Orders and recommendation
Orders
- Within four weeks of the date of this report, the landlord should:
- Pay the resident £300 compensation, comprised of:
- £150 in respect of the complaint about the landlord’s handling of the service charge queries and its decision to take legal action.
- £50 in respect of the complaint about the landlord’s response to queries regarding extension of the lease.
- £100 in respect of the complaint about the landlord’s communication and complaints handling.
- Write to the resident explaining what information is missing due to the cyber-attack.

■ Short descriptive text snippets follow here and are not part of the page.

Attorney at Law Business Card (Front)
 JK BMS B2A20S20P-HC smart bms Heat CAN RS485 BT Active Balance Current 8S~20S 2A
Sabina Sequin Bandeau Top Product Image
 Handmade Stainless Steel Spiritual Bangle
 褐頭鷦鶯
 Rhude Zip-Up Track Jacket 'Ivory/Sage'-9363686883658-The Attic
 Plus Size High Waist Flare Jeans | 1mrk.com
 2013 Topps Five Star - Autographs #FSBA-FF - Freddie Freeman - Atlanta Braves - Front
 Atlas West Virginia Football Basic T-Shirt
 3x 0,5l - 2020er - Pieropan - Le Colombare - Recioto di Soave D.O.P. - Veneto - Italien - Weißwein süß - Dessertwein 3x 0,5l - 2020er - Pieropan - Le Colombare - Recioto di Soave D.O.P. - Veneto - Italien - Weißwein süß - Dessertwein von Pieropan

- Pay the resident £300 compensation, comprised of:
- Within eight weeks of the date of this report, the landlord should:
- Provide its staff with further training around communicating effectively with residents. In relation to complaint handling, the training should focus on ensuring that staff understand the reasons for a complaint, and seek clarification where they are unsure.
- Review its processes surrounding customer enquiries, and assess whether these can be improved to ensure that enquiries are not missed, and are responded to in a timely manner. Details of the review should be shared with this Service and the resident.
- Provide both this Service and the resident with details of any actions taken in response to the cyber-attack. Specifically in relation to ensuring that data remains accessible in the event of a future cyber-attack.
Recommendation
- Within four weeks of the date of this report, the landlord should write to the resident and this Service to confirm its position regarding any legal action.